Unstable and unpredictable? The reality of the PPRS
As attention shifts to what will replace the 2014 Pharmaceutical Price Regulation Scheme (PPRS), Leela Barham provides the first in a series of five features to look at whether the scheme has met its five objectives.
The Pharmaceutical Price Regulation Scheme (PPRS) is a voluntary agreement between the Association of the British Pharmaceutical Industry (ABPI) and the UK Government, represented by the Department of Health in London. It has five objectives, the first of which is to “provide stability and predictability to the Government and the industry”. With less than 18 months to go until the current PPRS ends – and as negotiations are about to start – has it provided the desired stability and predictability?
The Oxford English Dictionary definition says that stable means an object or structure is not likely to give way or overturn. In that sense the 2014 PPRS hasn’t given way, after all, the Government hasn’t given notice as it did on the 2005 PPRS back in 2008.
Yet, it hasn’t been entirely stable either. There have been a number of unscheduled changes made to the current scheme. These include an amendment in August 2015 to agree how to handle spend under the Cancer Drugs Fund (CDF). In that instance, the DH agreed to add on £91million in 2014, and £107million in 2015, (calendar years) to allowed spend which has the effect of lowering PPRS payments.

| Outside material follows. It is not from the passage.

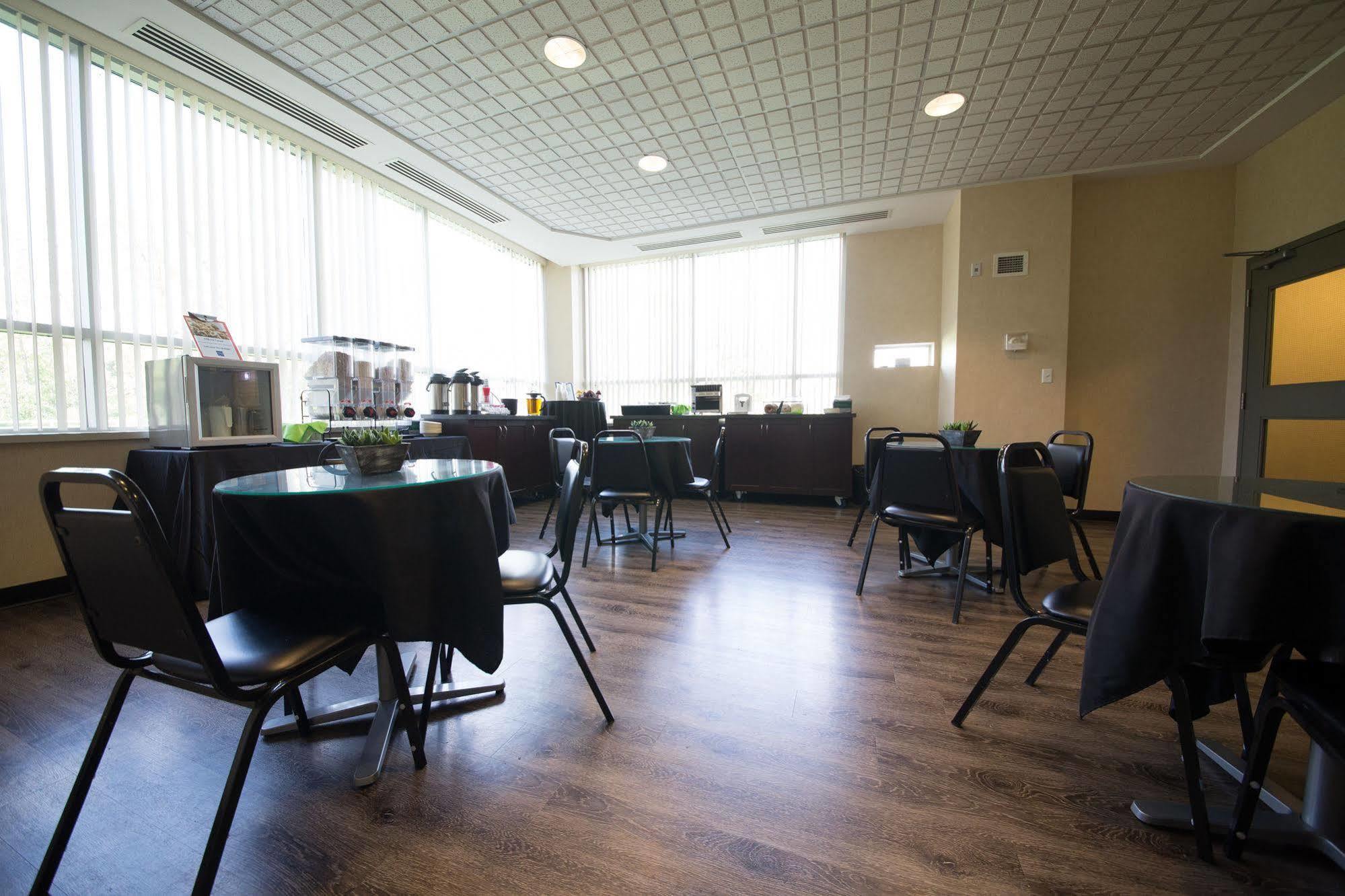 Residence&Conference Centre - Windsor Extérieur photo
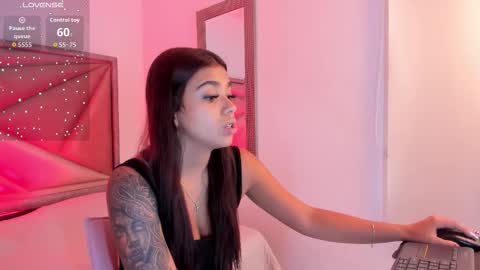 Gia  online show from 14, 12, 2025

These payments are in contrast to how previous schemes worked, where a single headline price cut was imposed on all companies. Under the 2014 PPRS member companies pay a share of their sales according to how much NHS spend on branded medicines exceeds an agreed rate of growth. PPRS payments go to the DH and then are allocated on to the NHS.
There was also an agreement reached which the DH describes as a “further technical amendment” that aims to secure greater stability and predictability in payment percentages for the duration of the scheme.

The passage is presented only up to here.